Leading the Shift from Service Provider to Technical Authority
For much of the last decade, ‘asset integrity’ in the energy sector meant periodic inspections, documented findings, and safety reports filed against a compliance deadline. Clients tolerated that model simply because nothing better was on offer. By 2025, that tolerance was disappearing. Projects in the Middle East had become larger, more complex, and more tightly scheduled, and the cost of misalignment between safety disciplines was becoming too high to absorb.

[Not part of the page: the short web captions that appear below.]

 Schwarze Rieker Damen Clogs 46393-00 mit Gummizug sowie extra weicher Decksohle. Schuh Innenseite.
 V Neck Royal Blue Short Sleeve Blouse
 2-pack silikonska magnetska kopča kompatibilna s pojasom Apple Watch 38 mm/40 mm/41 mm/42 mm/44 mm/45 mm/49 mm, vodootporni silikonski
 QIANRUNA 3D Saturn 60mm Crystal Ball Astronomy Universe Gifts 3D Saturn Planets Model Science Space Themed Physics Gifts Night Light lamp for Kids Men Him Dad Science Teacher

Apave responded by redefining our role: we are no longer a service provider simply ticking boxes. We are a technical authority within a global portfolio of integrated risk‑intelligence hubs, with the UAE as the first node. The House of Expertise (HoE) accreditation from the Abu Dhabi Department of Energy gave us formal standing with ADNOC; the delivery model we built gave us the means to use it. By combining 150‑year technical heritage, rigorous project management, and a fully integrated safety‑study capability, we turned “asset integrity” from a passive service line into an active, decision‑shaping capability.

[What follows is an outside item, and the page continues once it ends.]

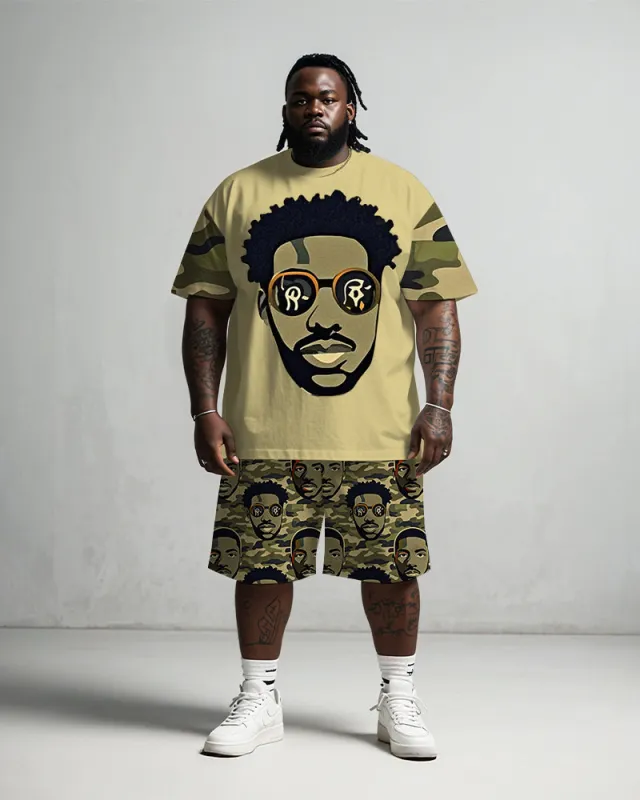 Men's Plus Size Street Fashion Camouflage Hip Hop Head Green Print T-Shirt Shorts Suit sold by Biggmans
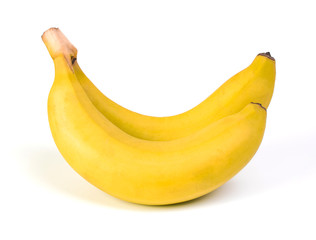 bunch of bananas on white background.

The ADNOC SALT project: where the model was tested
In 2025, Apave was engaged on the ADNOC SALT FEED project - a greenfield, integrated facility for chlor‑alkali, EDC, VCM, and PVC units in the Ta’ziz Industrial Chemical Zone, Abu Dhabi. Two sub‑projects ran in parallel, supported by two Tier 1 FEED contractors - thyssenkrupp Uhde and TechnipEnergies, coordinating under intense FEED‑time pressure. The safety scope covered thirteen distinct workstreams, split between workshop‑based and desktop‑based studies:
Workshop studies included HAZOP/SAFOP, PHSER, Inherently Safer Design Review, Best Available Techniques Review, Human Factor Engineering Assessment, Ergonomic Study, Energy Review, and Constructability Review. Desktop studies covered Building Fire & Safety, Vent Dispersion and Radiation, 3D F&G Mapping, Noise Allocation and Abatement, and RAM analysis.

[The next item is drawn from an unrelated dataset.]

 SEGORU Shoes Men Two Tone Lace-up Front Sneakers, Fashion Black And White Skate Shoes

Managing these as a fragmented set of individual commissions would have created coordination gaps, inconsistent assumptions, and delays at every interface. Instead, Apave ran a single integrated workflow - shared data, unified workshop facilitation, and one technical authority accountable to both EPC contractors and ADNOC. It sounds straightforward. In practice, across two parallel sub-projects under FEED timeline pressure, it was not.
What the results showed: a zero‑rework benchmark

Code 1
All deliverables — both sub-projects — accepted on first submission.

Zero
Rework cycles required after submission to either EPC contractor.